I have this theory about tuna sandwiches. The tuna sandwich seems to be something that people imbue with deeply felt, intensely personal preferences. It starts with the water vs oil debate, then it goes deeper. The proper mayonnaise ratio. The question of pickle. The marriage rending issue of hot or cold. And don't even get started on additions like dill or onion or green Tabasco or Old Bay. What it comes down to for me is simply, "If you want a tuna sandwich exactly the way you want it, make it at home." This is the Grand Unifying Theory of Tuna Sandwiches.
(I like tuna sandwiches a lot. Probably why I've spent so much energy thinking about this.)
I've come to realize that this holds true about lemon tarts as well. It's such a simple thing, a lemon tart. A crust of some sort holds a lemon filling. Easy, yes. But that ease makes it fall prey to mediocrity. A thick, boring crust. A lemonish filling (or worse, lemonesque). Accessorized with all sorts of craziness. Or, the worst possible circumstance, a SWEET dessert. And yet, we'll eat these bad lemon tarts because they are ok. Safe. Fit the bill. It's like the fast food cheeseburger of pastry. Its like a bad tuna fish sandwich.
So what is a good lemon tart? Rich, yet light on the tongue. Bright, a little sweet. A crust that has flavor but is not the focus. Mostly, it is about the lemon.
Now, these are reflections of my preferences. I want my lemon tart filled with a good, tart lemon curd. That lemon curd should be fresh, and well made, and really, I don't see a reason for it to have gelatin. It could be lemon curd that has been mixed with a bit of whipped cream, but only on certain alternate Thursdays. I want a well cooked sweet crust that is barely thick enough to hold the tart together, to provide the tiniest texture contrast. I don't need meringue, or whipped cream, or powdered sugar or a garnish of mint. Seriously, it is about the lemon.
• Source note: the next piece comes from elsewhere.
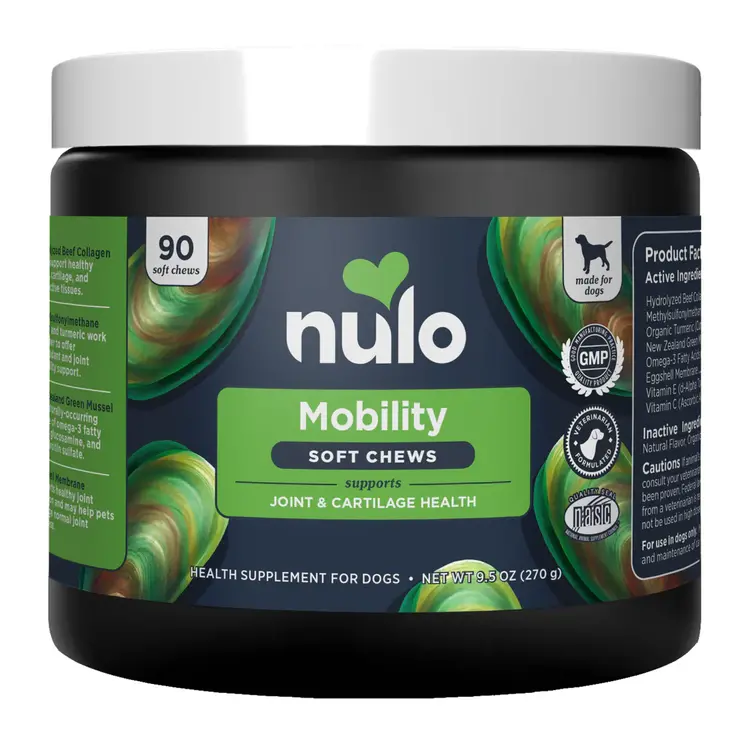 Nulo Mobility Soft Chew 90ct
Really, it is just better if I make it at home.
Lemon Curd for My Perfect Lemon Tart:
equal parts lemon juice (meyer lemon for variety), sugar, whole fresh eggs and cold butter
Mix sugar and lemon juice in a pot.
Beat eggs in a bowl.
Cut the cold butter into cubes.
Bring the sugar and lemon juice to a simmer over medium heat.
Add the juice mix to the eggs a little at a time, whisking constantly, until all is mixed together.
Pour eggs and juice back into the pot, and return to the burner over medium low heat.
Using a wooden spoon, stir constantly until the mixture thickens. It should not boil.
Pull the pot off the stove, and begin whisking in the cold butter, a few pieces at a time, until all the butter has been added and has melted.
Strain to remove any bits. Fill already cooked tart shells, and bake at 350 for 5 minutes to set. Cool and eat or refrigerate.